I'm starting from scratch… So far I've got only the location of the places that the languages originate from (to help determine if other languages would influence the other in any way)… I'm pretty new to this so I don't have an idea about what is expected to be known. I know that I'll require 12 languages. (I'm thinking of making a few of them non-written but I'm not sure how that would play out). As for the languages itself, I don't know exactly if I'm supposed to take English alphabets and make new symbols for them or just make symbols to represent words?

@Riorlyne pets

Okay!
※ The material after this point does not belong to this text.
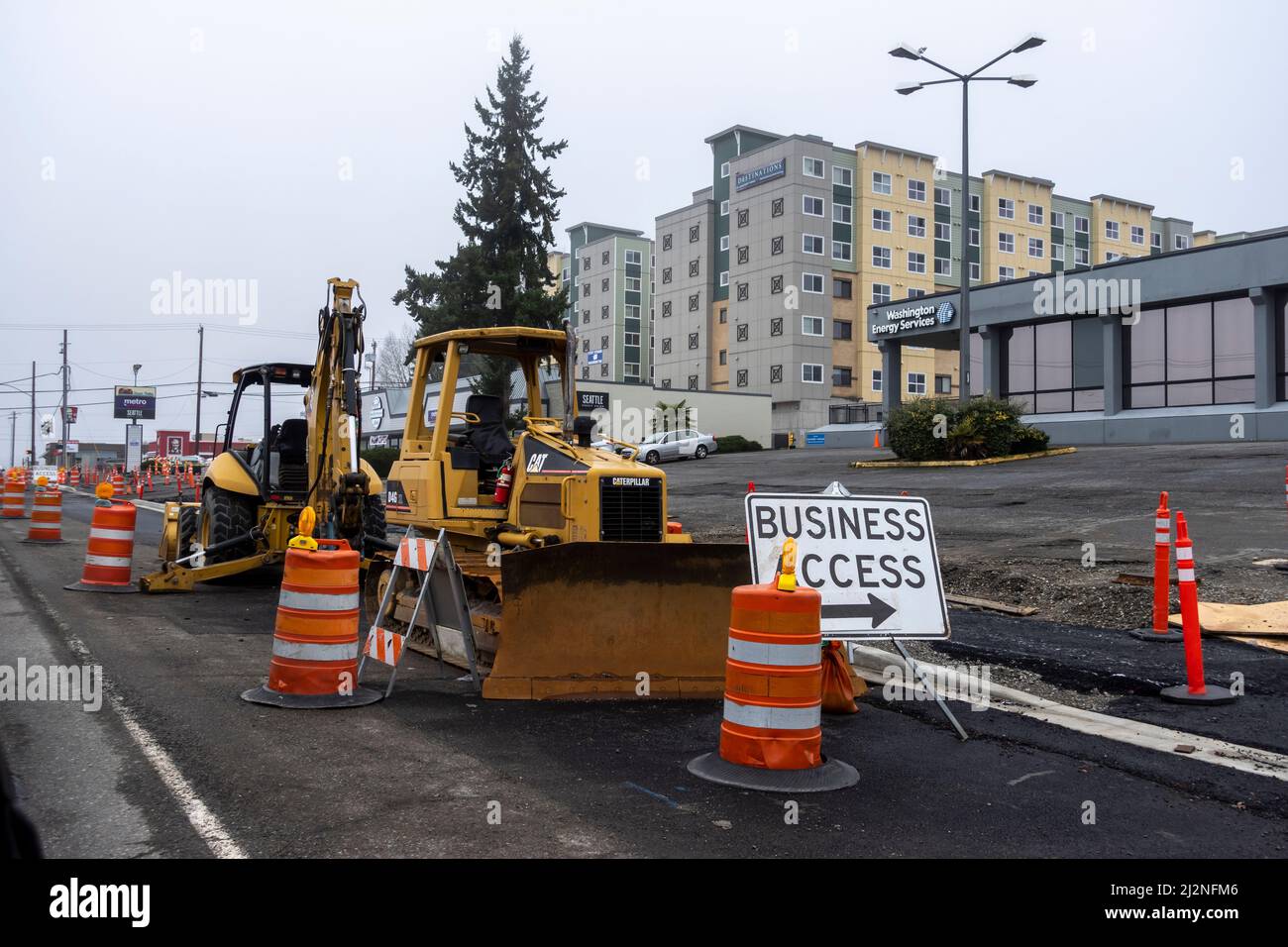 Lynnwood, WA USA - ca. Februar 2022: Blick auf einen Bau-Bulldozer im Herzen der Innenstadt, der den Weg für die Erweiterung der Lighttrail freimacht. Stockfoto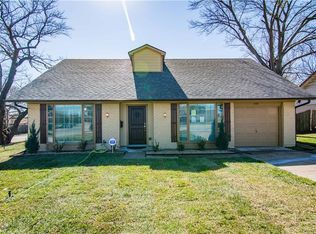 2102 W Northgate Dr, Irving, TX 75062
So if you’re starting from scratch, there are a few beginning steps you can use to help give your language its own flavour:

  1. Choose which sounds your language has (you don’t have to use all the ones English has, and you can add some English doesn’t have!)
  2. Choose how your sounds fit together into syllables. Maybe your language doesn’t allow consonants at the end of a syllable. Maybe it allows different combinations than English does (like vl or fskr).
  3. With these sound rules, create some morphemes! (morpheme = sound/s with meaning). Cat is a morpheme. Walk is a morpheme. -ed is a morpheme too, with the meaning “past tense” - the word walked has two morphemes: walk+past tense.
  4. Choose how your morphemes combine to make words. Some languages (like Mayan) fit a lot of them into each word, and some have only one or two per word (like Chinese). If you choose to combine them to form words, you can pick what order they go in as well.
    • Think of the two last names MacDonald and Donaldson - they both mean “son of Donald”, but one language put “son of” at the beginning, and the other put it at the end.
  5. Choose how your words combine to make sentences. One example is the order of subject (S), object (O) and verb (V) in a simple sentence. English does it SVO:
    • The cat eats mice.
  • But other languages use all the other possibilities! Here they are in order of frequency:
    • SOV - The cat mice eats.
    • VSO - Eats the cat mice.
    • VOS - Eats mice the cat.
    • OVS - Mice eats the cat.
    • OSV - Mice the cat eats.
  • That’s just order of subject, object and verb. There are a lot of other things you can do with arranging words into sentences but it’s a good place to start.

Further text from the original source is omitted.